The data
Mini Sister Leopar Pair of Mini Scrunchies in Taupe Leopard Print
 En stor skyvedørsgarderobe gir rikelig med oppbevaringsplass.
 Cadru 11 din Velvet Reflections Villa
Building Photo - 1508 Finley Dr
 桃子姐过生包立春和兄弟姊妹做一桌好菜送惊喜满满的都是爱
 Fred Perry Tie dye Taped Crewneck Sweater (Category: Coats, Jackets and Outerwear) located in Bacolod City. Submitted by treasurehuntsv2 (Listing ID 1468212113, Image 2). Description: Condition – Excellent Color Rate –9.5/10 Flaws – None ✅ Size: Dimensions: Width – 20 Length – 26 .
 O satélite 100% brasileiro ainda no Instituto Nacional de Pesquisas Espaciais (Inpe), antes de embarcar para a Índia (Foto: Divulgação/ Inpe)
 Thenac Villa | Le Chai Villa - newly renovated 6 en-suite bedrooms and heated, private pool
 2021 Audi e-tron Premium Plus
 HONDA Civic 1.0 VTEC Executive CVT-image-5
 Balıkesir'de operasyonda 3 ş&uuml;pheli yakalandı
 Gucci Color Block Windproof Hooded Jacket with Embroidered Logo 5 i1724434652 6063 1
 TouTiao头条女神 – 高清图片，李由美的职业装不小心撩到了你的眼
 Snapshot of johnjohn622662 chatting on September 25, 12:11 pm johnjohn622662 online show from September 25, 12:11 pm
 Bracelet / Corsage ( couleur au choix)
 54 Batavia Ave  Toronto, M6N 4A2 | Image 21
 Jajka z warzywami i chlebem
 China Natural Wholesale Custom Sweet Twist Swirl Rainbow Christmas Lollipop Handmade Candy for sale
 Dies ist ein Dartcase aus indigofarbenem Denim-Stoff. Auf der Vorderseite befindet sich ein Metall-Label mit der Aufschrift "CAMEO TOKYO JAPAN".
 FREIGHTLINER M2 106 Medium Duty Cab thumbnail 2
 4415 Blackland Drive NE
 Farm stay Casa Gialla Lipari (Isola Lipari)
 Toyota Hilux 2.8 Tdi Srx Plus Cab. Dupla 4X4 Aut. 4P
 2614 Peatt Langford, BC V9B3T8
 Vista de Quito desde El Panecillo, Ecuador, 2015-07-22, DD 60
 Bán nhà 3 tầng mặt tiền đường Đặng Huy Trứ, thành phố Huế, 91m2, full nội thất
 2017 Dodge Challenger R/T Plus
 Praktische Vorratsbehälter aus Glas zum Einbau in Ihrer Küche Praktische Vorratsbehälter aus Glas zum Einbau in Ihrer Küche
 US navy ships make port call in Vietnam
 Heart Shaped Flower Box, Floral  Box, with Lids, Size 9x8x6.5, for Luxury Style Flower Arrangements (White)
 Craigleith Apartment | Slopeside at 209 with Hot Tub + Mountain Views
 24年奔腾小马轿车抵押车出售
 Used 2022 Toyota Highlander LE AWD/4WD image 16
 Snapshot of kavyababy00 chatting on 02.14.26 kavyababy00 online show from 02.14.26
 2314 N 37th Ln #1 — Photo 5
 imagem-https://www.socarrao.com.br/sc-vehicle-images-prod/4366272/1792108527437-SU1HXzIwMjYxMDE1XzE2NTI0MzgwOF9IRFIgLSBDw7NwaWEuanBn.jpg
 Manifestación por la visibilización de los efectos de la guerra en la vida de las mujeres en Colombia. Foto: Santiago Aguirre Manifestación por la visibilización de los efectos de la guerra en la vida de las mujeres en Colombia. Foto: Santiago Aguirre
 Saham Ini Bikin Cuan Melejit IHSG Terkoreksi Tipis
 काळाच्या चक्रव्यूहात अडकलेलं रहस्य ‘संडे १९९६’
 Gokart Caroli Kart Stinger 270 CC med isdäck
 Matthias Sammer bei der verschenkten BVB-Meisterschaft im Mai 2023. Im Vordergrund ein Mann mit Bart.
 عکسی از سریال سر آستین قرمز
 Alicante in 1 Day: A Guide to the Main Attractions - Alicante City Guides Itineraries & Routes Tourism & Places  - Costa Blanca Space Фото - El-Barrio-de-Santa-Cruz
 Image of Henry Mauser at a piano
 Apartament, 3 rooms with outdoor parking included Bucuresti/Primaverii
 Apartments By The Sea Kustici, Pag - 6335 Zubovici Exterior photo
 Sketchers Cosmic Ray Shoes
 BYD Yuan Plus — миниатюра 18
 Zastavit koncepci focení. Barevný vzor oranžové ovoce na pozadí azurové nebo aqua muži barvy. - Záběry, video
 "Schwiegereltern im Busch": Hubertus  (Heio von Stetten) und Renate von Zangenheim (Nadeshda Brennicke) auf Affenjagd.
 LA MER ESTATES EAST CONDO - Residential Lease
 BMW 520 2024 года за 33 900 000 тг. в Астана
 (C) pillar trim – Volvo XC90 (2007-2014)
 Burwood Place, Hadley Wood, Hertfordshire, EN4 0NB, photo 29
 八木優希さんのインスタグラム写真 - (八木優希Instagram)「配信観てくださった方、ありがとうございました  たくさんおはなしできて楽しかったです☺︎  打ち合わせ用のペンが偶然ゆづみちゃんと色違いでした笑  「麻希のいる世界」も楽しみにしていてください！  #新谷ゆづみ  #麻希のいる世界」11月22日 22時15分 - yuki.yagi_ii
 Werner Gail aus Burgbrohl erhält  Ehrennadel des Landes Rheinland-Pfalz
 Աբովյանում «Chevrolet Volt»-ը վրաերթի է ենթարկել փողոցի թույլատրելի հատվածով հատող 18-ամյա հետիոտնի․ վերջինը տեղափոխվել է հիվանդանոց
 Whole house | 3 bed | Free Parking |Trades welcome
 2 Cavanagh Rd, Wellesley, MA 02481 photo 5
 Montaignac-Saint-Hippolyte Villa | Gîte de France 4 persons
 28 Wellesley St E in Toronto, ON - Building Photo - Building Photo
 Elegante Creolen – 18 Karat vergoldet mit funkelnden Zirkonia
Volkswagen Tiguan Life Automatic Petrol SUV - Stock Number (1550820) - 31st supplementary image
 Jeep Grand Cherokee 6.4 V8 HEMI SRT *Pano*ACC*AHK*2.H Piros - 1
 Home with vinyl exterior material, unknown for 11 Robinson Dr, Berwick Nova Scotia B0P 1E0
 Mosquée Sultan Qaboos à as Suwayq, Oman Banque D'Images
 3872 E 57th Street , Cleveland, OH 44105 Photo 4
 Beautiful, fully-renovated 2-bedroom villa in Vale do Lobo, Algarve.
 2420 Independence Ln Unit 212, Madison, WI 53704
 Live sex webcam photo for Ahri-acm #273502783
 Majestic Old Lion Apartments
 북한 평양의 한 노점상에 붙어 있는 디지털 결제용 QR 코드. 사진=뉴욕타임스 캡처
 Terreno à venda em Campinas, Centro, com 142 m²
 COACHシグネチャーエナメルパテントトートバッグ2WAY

Work instruction
Copy the listing exactly.

Result below
Mini Sister Leopar Pair of Mini Scrunchies in Taupe Leopard Print
 En stor skyvedørsgarderobe gir rikelig med oppbevaringsplass.
 Cadru 11 din Velvet Reflections Villa
Building Photo - 1508 Finley Dr
 桃子姐过生包立春和兄弟姊妹做一桌好菜送惊喜满满的都是爱
 Fred Perry Tie dye Taped Crewneck Sweater (Category: Coats, Jackets and Outerwear) located in Bacolod City. Submitted by treasurehuntsv2 (Listing ID 1468212113, Image 2). Description: Condition – Excellent Color Rate –9.5/10 Flaws – None ✅ Size: Dimensions: Width – 20 Length – 26 .
 O satélite 100% brasileiro ainda no Instituto Nacional de Pesquisas Espaciais (Inpe), antes de embarcar para a Índia (Foto: Divulgação/ Inpe)
 Thenac Villa | Le Chai Villa - newly renovated 6 en-suite bedrooms and heated, private pool
 2021 Audi e-tron Premium Plus
 HONDA Civic 1.0 VTEC Executive CVT-image-5
 Balıkesir'de operasyonda 3 ş&uuml;pheli yakalandı
 Gucci Color Block Windproof Hooded Jacket with Embroidered Logo 5 i1724434652 6063 1
 TouTiao头条女神 – 高清图片，李由美的职业装不小心撩到了你的眼
 Snapshot of johnjohn622662 chatting on September 25, 12:11 pm johnjohn622662 online show from September 25, 12:11 pm
 Bracelet / Corsage ( couleur au choix)
 54 Batavia Ave  Toronto, M6N 4A2 | Image 21
 Jajka z warzywami i chlebem
 China Natural Wholesale Custom Sweet Twist Swirl Rainbow Christmas Lollipop Handmade Candy for sale
 Dies ist ein Dartcase aus indigofarbenem Denim-Stoff. Auf der Vorderseite befindet sich ein Metall-Label mit der Aufschrift "CAMEO TOKYO JAPAN".
 FREIGHTLINER M2 106 Medium Duty Cab thumbnail 2
 4415 Blackland Drive NE
 Farm stay Casa Gialla Lipari (Isola Lipari)
 Toyota Hilux 2.8 Tdi Srx Plus Cab. Dupla 4X4 Aut. 4P
 2614 Peatt Langford, BC V9B3T8
 Vista de Quito desde El Panecillo, Ecuador, 2015-07-22, DD 60
 Bán nhà 3 tầng mặt tiền đường Đặng Huy Trứ, thành phố Huế, 91m2, full nội thất
 2017 Dodge Challenger R/T Plus
 Praktische Vorratsbehälter aus Glas zum Einbau in Ihrer Küche Praktische Vorratsbehälter aus Glas zum Einbau in Ihrer Küche
 US navy ships make port call in Vietnam
 Heart Shaped Flower Box, Floral  Box, with Lids, Size 9x8x6.5, for Luxury Style Flower Arrangements (White)
 Craigleith Apartment | Slopeside at 209 with Hot Tub + Mountain Views
 24年奔腾小马轿车抵押车出售
 Used 2022 Toyota Highlander LE AWD/4WD image 16
 Snapshot of kavyababy00 chatting on 02.14.26 kavyababy00 online show from 02.14.26
 2314 N 37th Ln #1 — Photo 5
 imagem-https://www.socarrao.com.br/sc-vehicle-images-prod/4366272/1792108527437-SU1HXzIwMjYxMDE1XzE2NTI0MzgwOF9IRFIgLSBDw7NwaWEuanBn.jpg
 Manifestación por la visibilización de los efectos de la guerra en la vida de las mujeres en Colombia. Foto: Santiago Aguirre Manifestación por la visibilización de los efectos de la guerra en la vida de las mujeres en Colombia. Foto: Santiago Aguirre
 Saham Ini Bikin Cuan Melejit IHSG Terkoreksi Tipis
 काळाच्या चक्रव्यूहात अडकलेलं रहस्य ‘संडे १९९६’
 Gokart Caroli Kart Stinger 270 CC med isdäck
 Matthias Sammer bei der verschenkten BVB-Meisterschaft im Mai 2023. Im Vordergrund ein Mann mit Bart.
 عکسی از سریال سر آستین قرمز
 Alicante in 1 Day: A Guide to the Main Attractions - Alicante City Guides Itineraries & Routes Tourism & Places  - Costa Blanca Space Фото - El-Barrio-de-Santa-Cruz
 Image of Henry Mauser at a piano
 Apartament, 3 rooms with outdoor parking included Bucuresti/Primaverii
 Apartments By The Sea Kustici, Pag - 6335 Zubovici Exterior photo
 Sketchers Cosmic Ray Shoes
 BYD Yuan Plus — миниатюра 18
 Zastavit koncepci focení. Barevný vzor oranžové ovoce na pozadí azurové nebo aqua muži barvy. - Záběry, video
 "Schwiegereltern im Busch": Hubertus  (Heio von Stetten) und Renate von Zangenheim (Nadeshda Brennicke) auf Affenjagd.
 LA MER ESTATES EAST CONDO - Residential Lease
 BMW 520 2024 года за 33 900 000 тг. в Астана
 (C) pillar trim – Volvo XC90 (2007-2014)
 Burwood Place, Hadley Wood, Hertfordshire, EN4 0NB, photo 29
 八木優希さんのインスタグラム写真 - (八木優希Instagram)「配信観てくださった方、ありがとうございました  たくさんおはなしできて楽しかったです☺︎  打ち合わせ用のペンが偶然ゆづみちゃんと色違いでした笑  「麻希のいる世界」も楽しみにしていてください！  #新谷ゆづみ  #麻希のいる世界」11月22日 22時15分 - yuki.yagi_ii
 Werner Gail aus Burgbrohl erhält  Ehrennadel des Landes Rheinland-Pfalz
 Աբովյանում «Chevrolet Volt»-ը վրաերթի է ենթարկել փողոցի թույլատրելի հատվածով հատող 18-ամյա հետիոտնի․ վերջինը տեղափոխվել է հիվանդանոց
 Whole house | 3 bed | Free Parking |Trades welcome
 2 Cavanagh Rd, Wellesley, MA 02481 photo 5
 Montaignac-Saint-Hippolyte Villa | Gîte de France 4 persons
 28 Wellesley St E in Toronto, ON - Building Photo - Building Photo
 Elegante Creolen – 18 Karat vergoldet mit funkelnden Zirkonia
Volkswagen Tiguan Life Automatic Petrol SUV - Stock Number (1550820) - 31st supplementary image
 Jeep Grand Cherokee 6.4 V8 HEMI SRT *Pano*ACC*AHK*2.H Piros - 1
 Home with vinyl exterior material, unknown for 11 Robinson Dr, Berwick Nova Scotia B0P 1E0
 Mosquée Sultan Qaboos à as Suwayq, Oman Banque D'Images
 3872 E 57th Street , Cleveland, OH 44105 Photo 4
 Beautiful, fully-renovated 2-bedroom villa in Vale do Lobo, Algarve.
 2420 Independence Ln Unit 212, Madison, WI 53704
 Live sex webcam photo for Ahri-acm #273502783
 Majestic Old Lion Apartments
 북한 평양의 한 노점상에 붙어 있는 디지털 결제용 QR 코드. 사진=뉴욕타임스 캡처
 Terreno à venda em Campinas, Centro, com 142 m²
 COACHシグネチャーエナメルパテントトートバッグ2WAY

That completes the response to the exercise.